- TASK ITEM -
After reading the entries below, copy word for word the lines from the first through the line containing "Taco Chon owner", and stop there.

- EXCERPTED DATA -
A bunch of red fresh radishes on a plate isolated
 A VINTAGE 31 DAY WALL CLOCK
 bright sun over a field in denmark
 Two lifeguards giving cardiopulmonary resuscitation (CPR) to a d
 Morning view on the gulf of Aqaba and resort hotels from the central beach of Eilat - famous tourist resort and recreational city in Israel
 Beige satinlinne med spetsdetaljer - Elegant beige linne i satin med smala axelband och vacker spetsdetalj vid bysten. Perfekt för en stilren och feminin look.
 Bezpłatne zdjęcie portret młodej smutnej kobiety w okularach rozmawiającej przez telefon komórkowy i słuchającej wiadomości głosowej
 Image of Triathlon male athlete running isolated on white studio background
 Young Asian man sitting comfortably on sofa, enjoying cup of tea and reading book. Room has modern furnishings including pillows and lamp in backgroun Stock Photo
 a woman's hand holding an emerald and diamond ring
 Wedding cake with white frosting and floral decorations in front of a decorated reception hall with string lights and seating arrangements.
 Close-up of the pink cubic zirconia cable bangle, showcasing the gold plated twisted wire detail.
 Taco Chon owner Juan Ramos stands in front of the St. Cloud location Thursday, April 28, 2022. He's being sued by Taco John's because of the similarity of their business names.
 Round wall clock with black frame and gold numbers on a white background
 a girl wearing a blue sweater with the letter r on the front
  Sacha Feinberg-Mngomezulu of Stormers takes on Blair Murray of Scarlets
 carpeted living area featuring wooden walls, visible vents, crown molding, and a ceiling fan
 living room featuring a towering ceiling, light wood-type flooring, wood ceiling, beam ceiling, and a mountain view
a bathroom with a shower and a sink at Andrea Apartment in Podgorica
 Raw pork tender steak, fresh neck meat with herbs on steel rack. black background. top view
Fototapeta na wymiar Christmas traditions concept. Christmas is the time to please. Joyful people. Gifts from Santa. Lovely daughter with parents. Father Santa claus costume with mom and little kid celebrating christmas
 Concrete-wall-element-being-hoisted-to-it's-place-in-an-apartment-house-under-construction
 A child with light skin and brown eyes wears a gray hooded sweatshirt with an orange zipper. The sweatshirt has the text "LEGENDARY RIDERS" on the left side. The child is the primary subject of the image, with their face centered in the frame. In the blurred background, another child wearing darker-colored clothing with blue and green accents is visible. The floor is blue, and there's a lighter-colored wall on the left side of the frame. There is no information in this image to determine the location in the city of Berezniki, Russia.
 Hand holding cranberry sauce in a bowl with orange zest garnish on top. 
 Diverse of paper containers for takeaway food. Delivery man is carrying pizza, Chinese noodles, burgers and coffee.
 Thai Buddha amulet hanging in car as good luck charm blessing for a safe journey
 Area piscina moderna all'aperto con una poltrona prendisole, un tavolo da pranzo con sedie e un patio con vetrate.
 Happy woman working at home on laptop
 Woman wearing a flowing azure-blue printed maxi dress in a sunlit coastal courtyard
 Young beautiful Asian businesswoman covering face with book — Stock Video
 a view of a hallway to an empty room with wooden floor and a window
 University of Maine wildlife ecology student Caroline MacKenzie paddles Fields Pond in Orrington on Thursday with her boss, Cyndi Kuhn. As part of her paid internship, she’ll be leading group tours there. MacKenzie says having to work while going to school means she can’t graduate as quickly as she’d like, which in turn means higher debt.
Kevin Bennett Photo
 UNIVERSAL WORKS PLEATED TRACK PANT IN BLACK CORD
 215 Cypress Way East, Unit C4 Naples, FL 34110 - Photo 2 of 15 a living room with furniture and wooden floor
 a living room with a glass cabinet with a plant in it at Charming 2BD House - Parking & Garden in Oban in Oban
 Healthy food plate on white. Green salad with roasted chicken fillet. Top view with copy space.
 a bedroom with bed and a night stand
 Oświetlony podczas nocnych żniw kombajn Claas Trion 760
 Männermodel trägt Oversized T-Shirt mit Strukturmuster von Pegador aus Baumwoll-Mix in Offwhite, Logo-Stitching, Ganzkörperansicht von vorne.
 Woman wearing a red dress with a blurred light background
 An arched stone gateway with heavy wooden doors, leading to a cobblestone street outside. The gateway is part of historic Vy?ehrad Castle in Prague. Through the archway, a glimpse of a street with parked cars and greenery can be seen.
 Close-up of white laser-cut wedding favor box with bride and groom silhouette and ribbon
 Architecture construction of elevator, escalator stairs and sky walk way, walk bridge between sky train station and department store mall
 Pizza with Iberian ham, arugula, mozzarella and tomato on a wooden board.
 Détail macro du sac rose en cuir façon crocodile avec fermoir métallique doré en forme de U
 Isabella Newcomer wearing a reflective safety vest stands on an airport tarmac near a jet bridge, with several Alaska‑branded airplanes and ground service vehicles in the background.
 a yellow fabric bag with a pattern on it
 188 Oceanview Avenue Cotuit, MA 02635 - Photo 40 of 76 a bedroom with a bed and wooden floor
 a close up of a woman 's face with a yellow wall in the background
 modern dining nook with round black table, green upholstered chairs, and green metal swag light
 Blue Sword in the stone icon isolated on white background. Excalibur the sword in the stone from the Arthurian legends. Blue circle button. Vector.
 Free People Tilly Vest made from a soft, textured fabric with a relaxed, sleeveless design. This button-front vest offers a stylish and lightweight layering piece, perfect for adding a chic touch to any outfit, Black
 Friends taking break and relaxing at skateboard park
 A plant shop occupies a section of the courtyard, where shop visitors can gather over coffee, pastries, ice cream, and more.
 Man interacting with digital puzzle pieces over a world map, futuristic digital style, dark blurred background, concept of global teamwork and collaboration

- REPLY -
A bunch of red fresh radishes on a plate isolated
 A VINTAGE 31 DAY WALL CLOCK
 bright sun over a field in denmark
 Two lifeguards giving cardiopulmonary resuscitation (CPR) to a d
 Morning view on the gulf of Aqaba and resort hotels from the central beach of Eilat - famous tourist resort and recreational city in Israel
 Beige satinlinne med spetsdetaljer - Elegant beige linne i satin med smala axelband och vacker spetsdetalj vid bysten. Perfekt för en stilren och feminin look.
 Bezpłatne zdjęcie portret młodej smutnej kobiety w okularach rozmawiającej przez telefon komórkowy i słuchającej wiadomości głosowej
 Image of Triathlon male athlete running isolated on white studio background
 Young Asian man sitting comfortably on sofa, enjoying cup of tea and reading book. Room has modern furnishings including pillows and lamp in backgroun Stock Photo
 a woman's hand holding an emerald and diamond ring
 Wedding cake with white frosting and floral decorations in front of a decorated reception hall with string lights and seating arrangements.
 Close-up of the pink cubic zirconia cable bangle, showcasing the gold plated twisted wire detail.
 Taco Chon owner Juan Ramos stands in front of the St. Cloud location Thursday, April 28, 2022. He's being sued by Taco John's because of the similarity of their business names.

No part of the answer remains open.